How can I change the color of each scatterplot in each category (day) to something like grey-green where as the grey indicates a lower amount of LOC committed that day, and the green indicates higher amount?
(The min value and max value should be should be relative to the min or max of LOC that day)
I already did some digging and linear color map seems to do that, but I don’t know how to apply different color map for each category.
That’s kinda more a pandas-related question → You’re right that linear_cmap (which is just a transform application of LinearColorMapper) is the route. The nuance of your question is that you want the color to be scaled based on the min/max of each particular category (i.e. the day).
My pandas-side solution is to just pre calculate the percentile of each loc using pandas’ groupby-agg. Instead of pointing linear_cmap to the loc field, you pre-calculated each loc’s relative value based on the min/max of the day it belongs to, then pass that to the linear cmap instead:
from bokeh.models import ColumnDataSource
from bokeh.plotting import figure, show
from bokeh.sampledata.commits import data
from bokeh.transform import jitter
import numpy as np
from bokeh.transform import linear_cmap
from bokeh.palettes import Greens
DAYS = ['Sun', 'Sat', 'Fri', 'Thu', 'Wed', 'Tue', 'Mon']

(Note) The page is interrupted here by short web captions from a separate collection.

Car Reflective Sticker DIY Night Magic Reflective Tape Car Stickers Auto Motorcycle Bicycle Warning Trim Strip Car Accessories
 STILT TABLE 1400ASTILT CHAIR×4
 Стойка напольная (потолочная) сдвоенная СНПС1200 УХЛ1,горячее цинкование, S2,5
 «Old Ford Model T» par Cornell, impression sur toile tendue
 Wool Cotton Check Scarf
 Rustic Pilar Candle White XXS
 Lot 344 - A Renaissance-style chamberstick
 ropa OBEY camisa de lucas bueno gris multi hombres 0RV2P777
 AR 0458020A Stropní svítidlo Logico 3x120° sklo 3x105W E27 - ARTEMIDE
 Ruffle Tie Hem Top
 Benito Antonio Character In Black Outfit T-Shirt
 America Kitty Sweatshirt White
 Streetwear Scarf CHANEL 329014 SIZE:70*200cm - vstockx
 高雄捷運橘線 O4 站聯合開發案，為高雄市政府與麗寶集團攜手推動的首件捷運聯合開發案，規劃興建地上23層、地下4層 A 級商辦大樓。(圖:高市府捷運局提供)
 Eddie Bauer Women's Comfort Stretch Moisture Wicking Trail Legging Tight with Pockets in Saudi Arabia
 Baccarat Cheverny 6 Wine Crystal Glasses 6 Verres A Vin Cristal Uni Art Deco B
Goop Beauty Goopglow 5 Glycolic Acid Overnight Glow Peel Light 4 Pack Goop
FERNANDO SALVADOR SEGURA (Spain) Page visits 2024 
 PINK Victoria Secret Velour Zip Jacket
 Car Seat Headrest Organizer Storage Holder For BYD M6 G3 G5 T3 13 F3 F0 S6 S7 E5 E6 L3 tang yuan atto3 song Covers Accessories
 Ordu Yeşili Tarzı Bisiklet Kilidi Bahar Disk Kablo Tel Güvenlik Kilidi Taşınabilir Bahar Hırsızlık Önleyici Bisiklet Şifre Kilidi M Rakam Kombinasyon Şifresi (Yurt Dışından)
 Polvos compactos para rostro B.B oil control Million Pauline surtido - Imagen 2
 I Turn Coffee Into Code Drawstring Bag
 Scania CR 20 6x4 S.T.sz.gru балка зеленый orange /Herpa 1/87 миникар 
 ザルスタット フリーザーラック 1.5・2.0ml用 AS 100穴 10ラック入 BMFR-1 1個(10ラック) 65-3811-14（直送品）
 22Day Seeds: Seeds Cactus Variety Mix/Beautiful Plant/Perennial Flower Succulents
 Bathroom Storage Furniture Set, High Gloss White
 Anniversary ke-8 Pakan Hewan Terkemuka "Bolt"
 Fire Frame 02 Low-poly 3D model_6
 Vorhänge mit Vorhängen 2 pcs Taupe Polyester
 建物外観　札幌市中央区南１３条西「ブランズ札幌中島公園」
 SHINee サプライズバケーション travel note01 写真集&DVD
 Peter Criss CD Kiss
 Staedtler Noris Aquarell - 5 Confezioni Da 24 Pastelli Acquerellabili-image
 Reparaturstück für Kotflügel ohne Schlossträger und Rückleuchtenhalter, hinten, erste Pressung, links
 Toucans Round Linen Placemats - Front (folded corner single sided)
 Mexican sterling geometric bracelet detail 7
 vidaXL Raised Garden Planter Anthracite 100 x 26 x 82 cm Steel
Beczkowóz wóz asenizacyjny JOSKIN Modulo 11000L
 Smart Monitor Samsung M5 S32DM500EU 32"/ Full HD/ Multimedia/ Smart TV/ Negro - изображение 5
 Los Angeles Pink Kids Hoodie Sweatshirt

data['loc'] = np.random.randint(20, 301, size=len(data))
#scale loc based on it's percentile per day
gb = data.groupby('day').agg({'loc':['min','max']}) #get min and max for each day
#pandas reindexing stuff
gb.columns = ['min','max']
gb = gb.reset_index()
#merge back to data
data = data.merge(gb,how='inner',on='day')
#calculate percentile
data['p'] = (data['loc']-data['min'])/(data['max']-data['min'])
source = ColumnDataSource(data)
p = figure(width=800, height=300, y_range=DAYS, x_axis_type='datetime',
title="Commits by Time of Day (US/Central) 2012-2016")
#creates a transform that will transform field_name p into a hex color using the Greens palette
cmap = linear_cmap(field_name='p',low=0,high=1,palette=Greens[9])
p.scatter(x='time', y=jitter('day', width=0.6, range=p.y_range)
, fill_color=cmap #assign the transform to the fill_color
,source=source, alpha=0.3)
p.xaxis.formatter.days = ['%Hh']
p.x_range.range_padding = 0
p.ygrid.grid_line_color = None
show(p)
There are definitely means of doing this on the JS-side using a CustomJSTransform but would be considerably more involved.
CategoricalColorMappercould also be an option here, but you’d need to convert the numerical data into some (string) factor for each point, e.g. “low” for points under the threshold, etc. There is an open issue to allow integers factors in addition to string values, but for now only string values are supported. There are come examples to refer to here.
Another possibility might be CustomJSExpr but I’ve never personally tried using it with non-numeric values (e.g. colors) so I don’t know if there are any pitfalls.
That would probably be an option. To be completely honest, I don’t clearly recall the distinction between expressions and transforms. AFAICT transforms always act on a CDS column and expression can just generate data on the fly however it wants (which could include referring to a CDS column, if desired).